Open Linguistic: Greek Wordnet

Nowadays, Web is one of the most important means of sharing knowledge. Information and data from scientific fields and not only, are accessible by every user. A scientific field represented by a large amount of data on the Web is Linguistics, which is the study of human language. However, these data is most useful when linked in order to achieve better results.

In that field, OKFN created the Open Linguistic working group του OKFN, in order to promote open linguistic linked data. OKFN Greece actively participates in the activities of this group, by publishing the first Greek linguistic dataset in the Web 3.0. In particular, OKFN Greece, in cooperation with the Webscience Master Program, School of Mathematics, Aristotle University of Thessaloniki, published the well-known Wordnet data for the Greek language under the principals of Linked Data

OKFN Greece in cooperation with the Master in Web Science of Mathematics Department of Aristotle University of Thessaloniki, contributed to the publication of data under the Principles of Linked Data of one main representative of Linguistic Data, Wordnet, for the Greek language.

WordNet is a lexical database of English. Words are organized into sets of synonyms (called synsets), each representing one underlying lexical concept. Brief definitions are provided while different lexical and semantic relations link the synonym sets. It was created at the University of Princeton in 1985 under the direction of George A. Miller, a psychology professor, whose design is inspired by experiments in Artificial Intelligence that tried to comprehend human semantic memory. Aims to combine dictionary and thesaurus, and to support automatic text analysis and artificial intelligence applications. Through the years, government bodies that wanted to foster machine translation funded the project and so, similar projects were created for many languages, including Greek which was developed under an EC funded project.

The project called Balkanet (September 2001-August 2004) and extended the European languages that were developed through EuroWordNet importing six Balkan languages (namely Bulgarian, Greek, Romanian, Serbian, Turkish and Czech). Greek WordNet was developed in the DataBase Sysemts Laboratory (DBLab ), University of Patras from a team of linguists with the attendance of University of Athens.

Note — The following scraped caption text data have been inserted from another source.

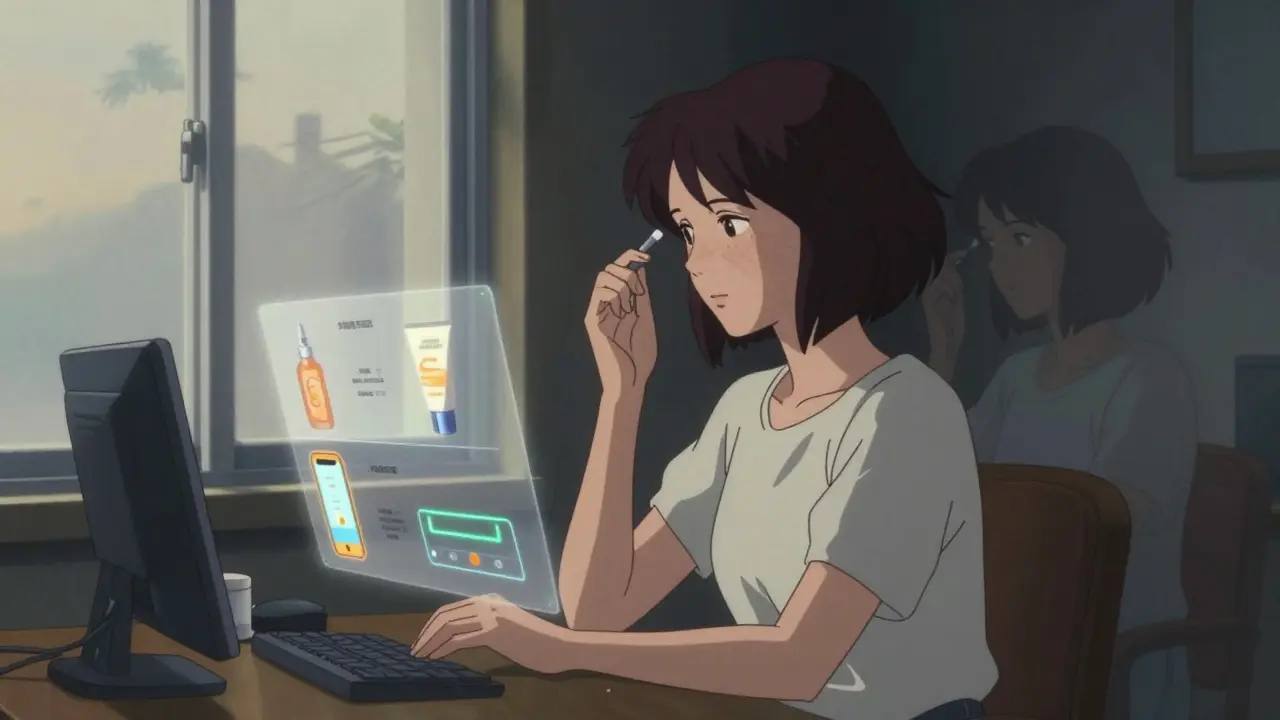 Woman at desk by window, melasma shadows on skin, floating reminders of skincare routine.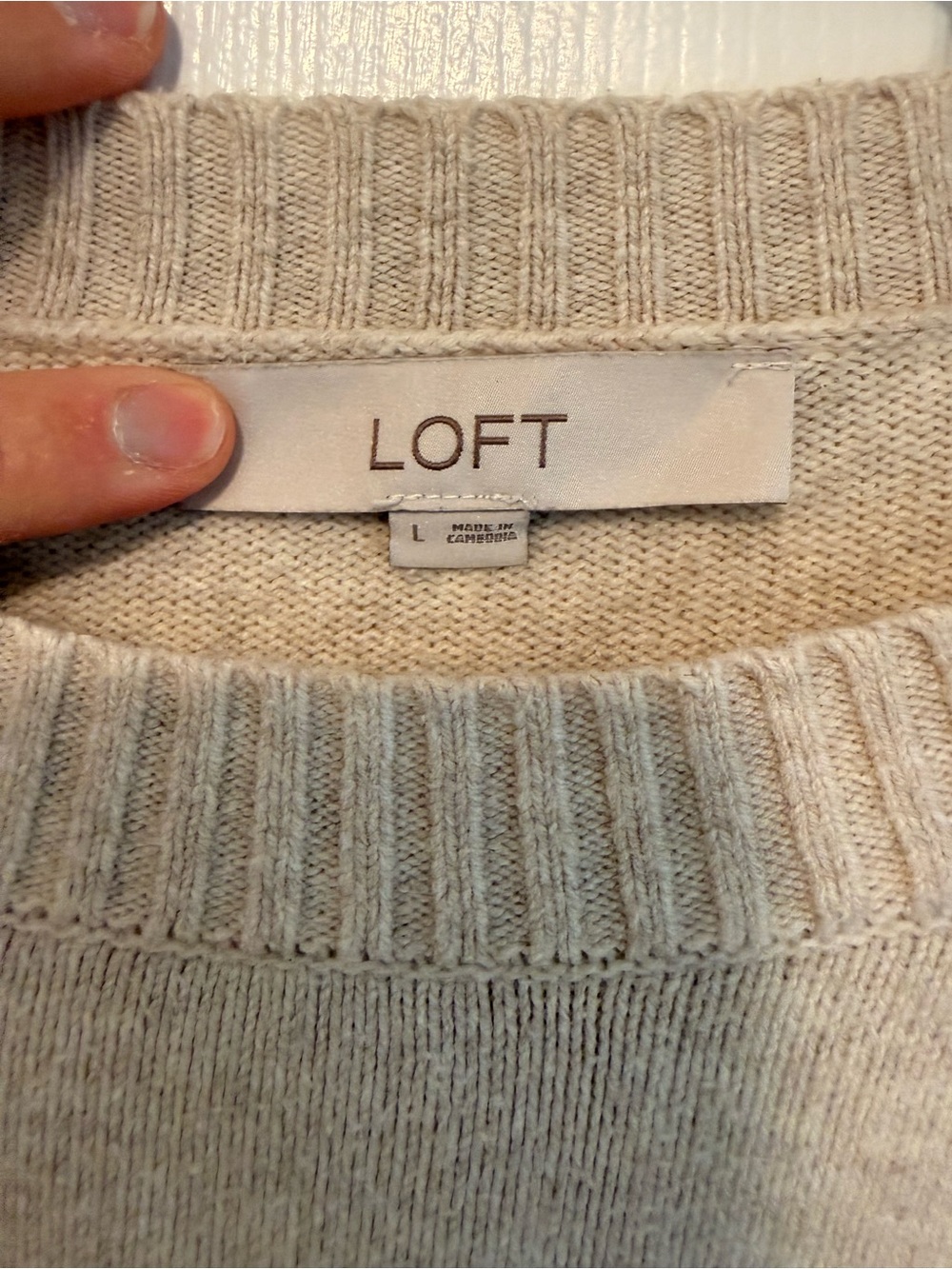 LOFT Light Cream Ribbed Crewneck Sweater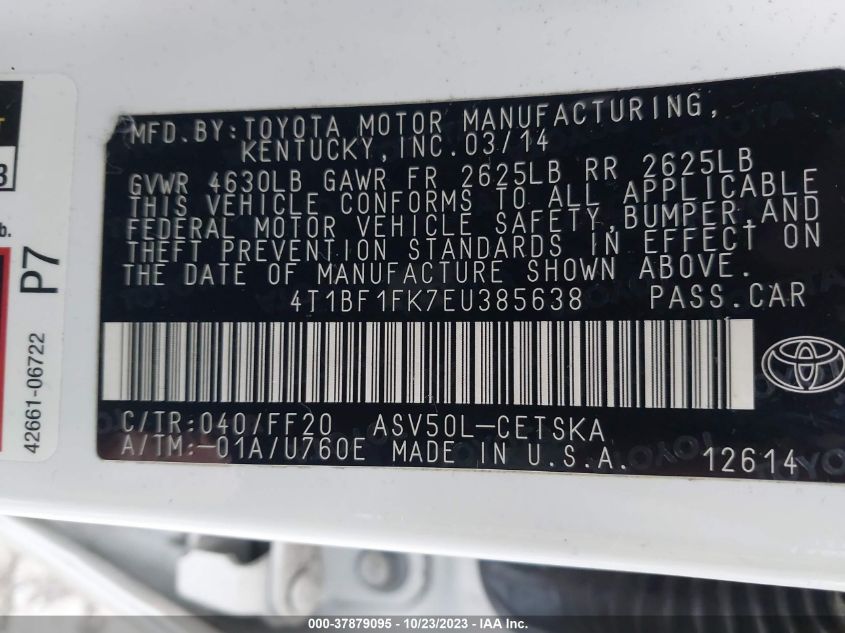 2014 TOYOTA CAMRY L/LE/XLE/SE/SE SPORT - 4T1BF1FK7EU385638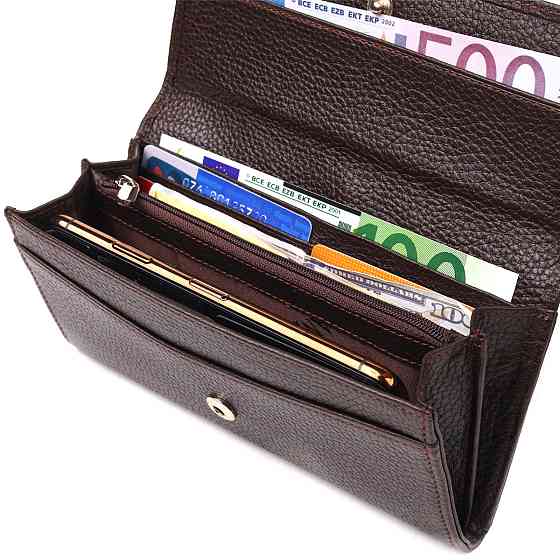 Жіночий стильний гаманець із натуральної зернистої шкіри CANPELLINI 21629 Коричневий Київ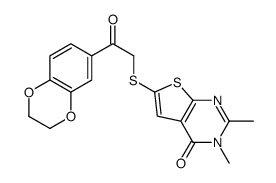 Thieno[2,3-d]pyrimidin-4(1H)-one, 2-[[2-(2,3-dihydro-1,4-benzodioxin-6-yl)-2-oxoethyl]thio]-5,6-dimethyl- (9CI) structure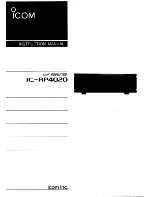 Preview for 1 page of Icom IC-RP4020 Instruction Manual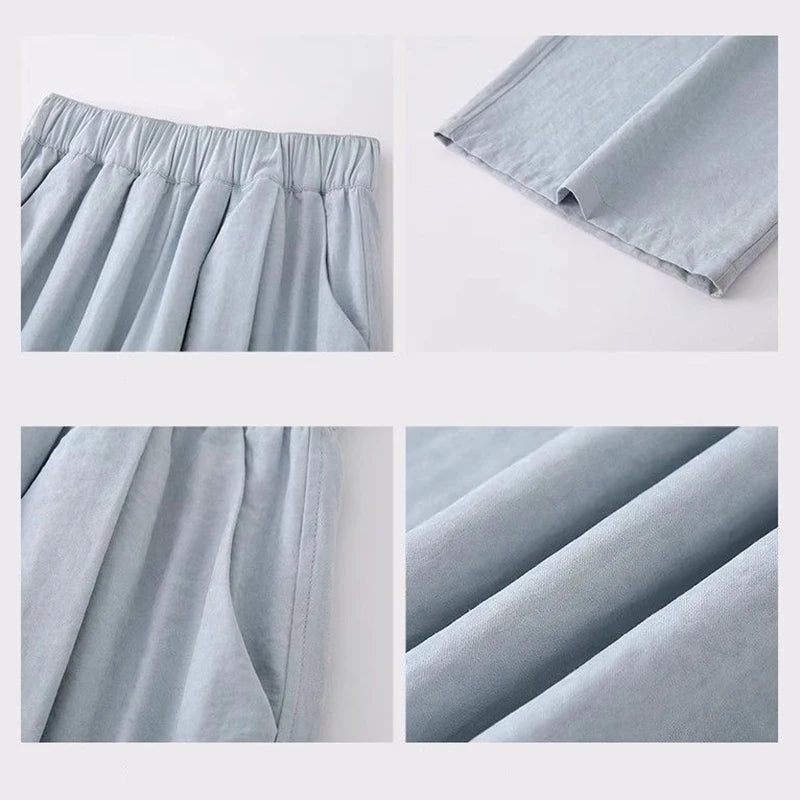 Female New Korean Baggy Wide Leg Pants Girls Solid High Waist Casual Trousers Lady Thin Comfortable Ice Silk Pants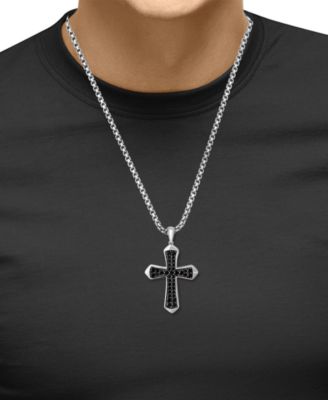 EFFY&reg; Men's Black Spinel Cross 22" Pendant Necklace (1-1/5 ct. t.w.) in Sterling Silver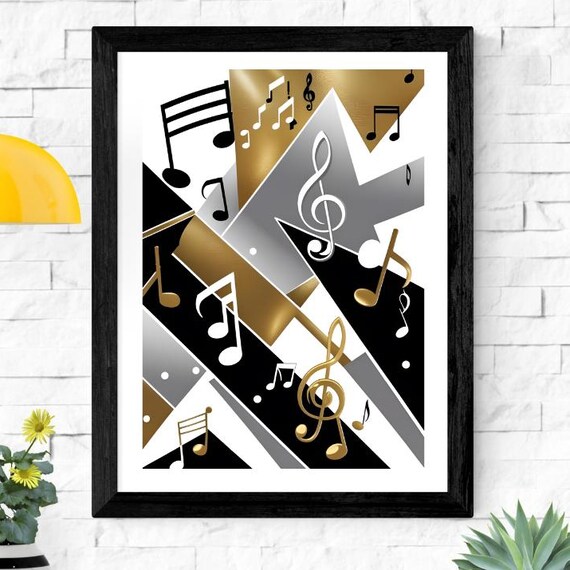 Modern Abstract Music Notes Poster Midcentury Wall Art Bold Geometric Shapes And Musical Symbols Gold Silver Artwork Jazzinspired Decor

BalkaNet’s major ambition though is to semantically correlate words in each Balkan language and link them together, in order to create an online multilingual semantic network. The application we developed serves the first part of the vision and is easily adapted to any language without any additional programming skills or hardware requirements.

Specifically, in late Augus the DataBase Sysemts Laboratory (DBLab ) gave us an XML formatted file that was produced by the Greek Wordnet Database, and contained 18.461 synsets. Each synset distinguished depending on what part of speech is in noun, verb, adverb and object. Most sets of synonyms are related to other synsets via a number of semantic relations. These relations vary based on the type of word, apply to all members of a synset (they share a meaning) and include relations such as hypernym and hyponym. Words can also be connected to other words through lexical relation, e.g. synonym, antonym. The polysemy count of a word is also given, representing the number of synsets that contain the word.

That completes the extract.